Para Alckmin, usuário que passa mal é vândalo. E ninguém contesta
Conjunto corrupção + risco de vida para a população deveria ser escândalo nacional, mas não recebe devida atenção |
por Thalita Pires
Os trens da linha 3-Vermelha do metrô ficaram parados ontem por cerca de cinco horas, das 18h às 23h, aproximadamente. Uma composição apresentou falha na porta e parou na estação Sé e paralisou a circulação no sentido Itaquera. De acordo com informações do Sindicato dos Metroviários de São Paulo, para que o problema fosse resolvido a eletricidade dos trilhos foi desligada, fazendo com que os trens parados ficassem sem ar-condicionado ou ventilação. Numa sucessão de acontecimentos bastante previsível num dia de calor de 35°C, pessoas passaram mal nas composições e acionaram o botão de emergência de vários trens. A linha 4-Amarela também apresentou problemas no meio da tarde.
Que o sistema metroviário de São Paulo está entrando em colapso parece um fato irrefutável. O número de falhas nas composições vem aumentando nos últimos meses. Em um levantamento rápido, desde agosto do ano passado foram pelo menos sete os dias em que incidentes graves prejudicaram a circulação dos trens e, pior, colocaram a vida de passageiros em perigo. Os dados são inexatos, pois a Companhia do Metropolitano não fornece ao público dados dos incidentes.
Mas o problema não é novo. As falhas acontecem há mais tempo. Durante as eleições municipais de 2012, houve episódios semelhantes ao de ontem. Os incidentes acabaram virando objeto de disputa eleitoral. “Sabotagem”, bradavam o então candidato José Serra e seus aliados. Os problemas continuaram se agravando desde então mas, passadas as eleições, o discurso continua o mesmo.
Hoje o governador Geraldo Alckmin afirmou que desconfia de ação orquestrada para desestabilizar o sistema. “O fato é que houve problema em uma porta, que seria resolvido em menos de dez minutos e que acabou causando esse grande transtorno à população em razão da ação inicial de um grupo de pessoas e depois de vândalos que acabaram atacando estação, o trem e destruindo o patrimônio”, afirmou o governador. O secretário estadual dos Transportes, Jurandir Fernandes, já tinha dito coisa parecida ontem. O depoimento de usuários – ou vândalos – descrevendo o desespero de ficar preso em um vagão lotado sem ventilação por pelo menos 10 minutos não serviu para controlar a sanha acusatória oficial.

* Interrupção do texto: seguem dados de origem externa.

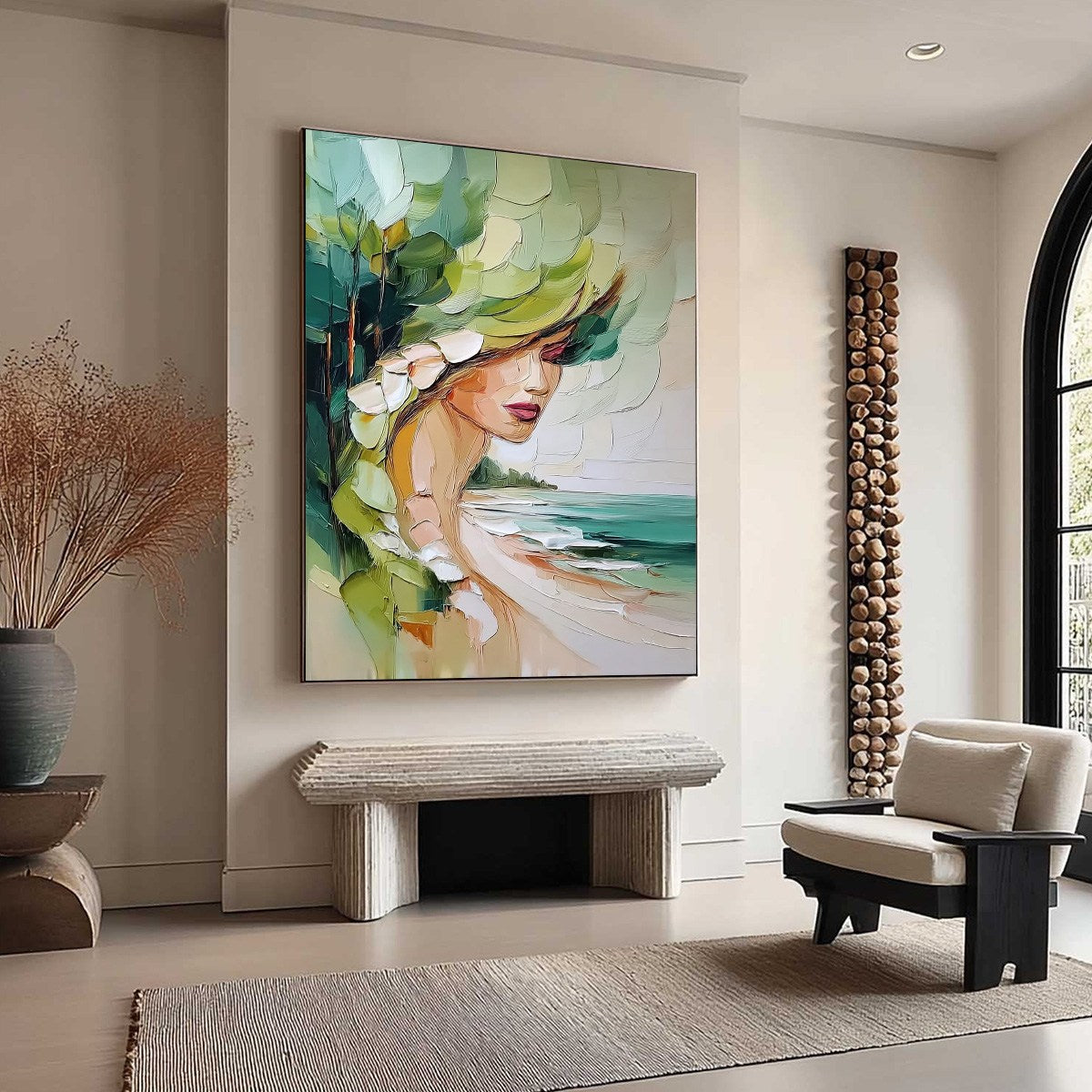 Green Figurative Impasto Oil Painting – Coastal Muse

A desfaçatez com que esse tipo de afirmação é feita pelos administradores do Estado e a complacência bovina da imprensa que não questiona e sequer critica os responsáveis são difíceis de entender. Jornalismo digno desse nome buscaria as informações sonegadas pelo governo por outras vias. Governantes sérios teriam mais cautela a atribuir a grupos organizados falhas recorrentes no sistema que administram, ainda mais sem a abertura de qualquer investigação nesse sentido.
Há que se ressaltar ainda o fato de que o contrato para a reforma dos trens das linhas 1-Azul e 3-Vermelha foi suspenso pela própria companhia. O Ministério Público Estadual considerou o contrato danoso para o Estado, já que os trens reformados vêm apresentando falhas consecutivas. De acordo com o Sindicato dos Metroviários, o trem que apresentou problema faz parte da frota reformada pela Alstom/Siemens, envolvidas no escândalo de corrupção que envolve bilhões de reais e cujas investigações avançam a passos de tartaruga.
Com tantas evidências de problemas aparecendo, é de se perguntar por que o assunto não é investigado com rigor. Na Assembleia Legislativa do Estado não há esperanças de que isso aconteça. Não há Comissão Parlamentar de Inquérito que seja aprovada se o objeto de investigação for o governo, uma vez que a base aliada é maioria. No Ministério Público, a perda de prazos fez com que investigações sobre a Alstom fossem paralisadas. Esse tipo de desatenção é inadmissível. O conjunto corrupção + risco de vida para a população deveria ser um escândalo nacional, mas não recebe a atenção que deveria. Que ninguém precise morrer para que essa situação mude. Até porque é de se desconfiar que nem isso adiante para que medidas sérias sejam tomadas.